Below this line are records; write out exactly the lines from the one containing "MERCEDES Clase CLA AMG 45 4M Shooting Brake" through the one containing "2014 Audi S5", with the pictures left out.

■ Source records ■
== Segment start ==
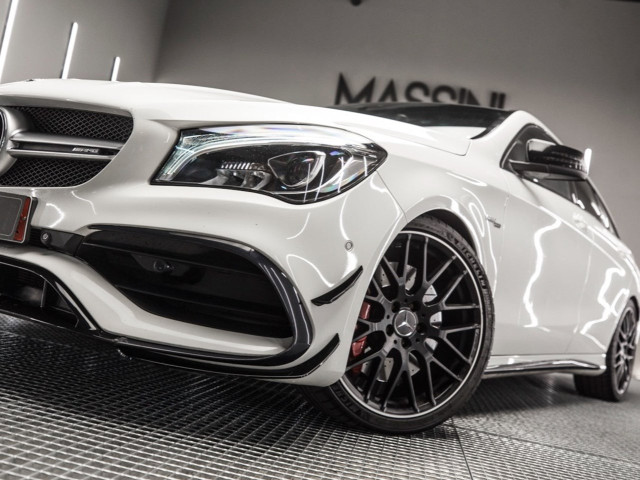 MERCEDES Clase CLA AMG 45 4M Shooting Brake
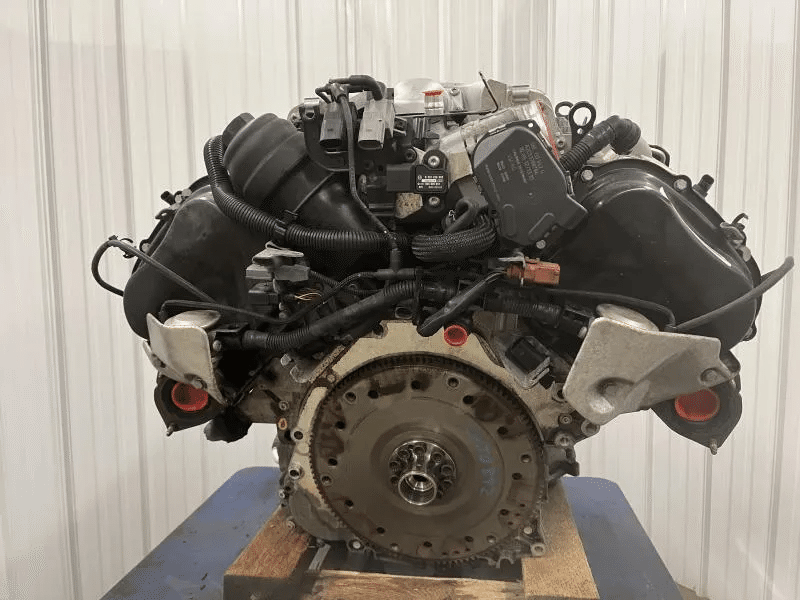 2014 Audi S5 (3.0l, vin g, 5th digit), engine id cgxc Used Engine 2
== Segment end ==
== Segment start ==
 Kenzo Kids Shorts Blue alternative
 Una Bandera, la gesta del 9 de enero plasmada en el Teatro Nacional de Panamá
== Segment end ==
■ Written solution ■
 MERCEDES Clase CLA AMG 45 4M Shooting Brake
 2014 Audi S5 (3.0l, vin g, 5th digit), engine id cgxc Used Engine 2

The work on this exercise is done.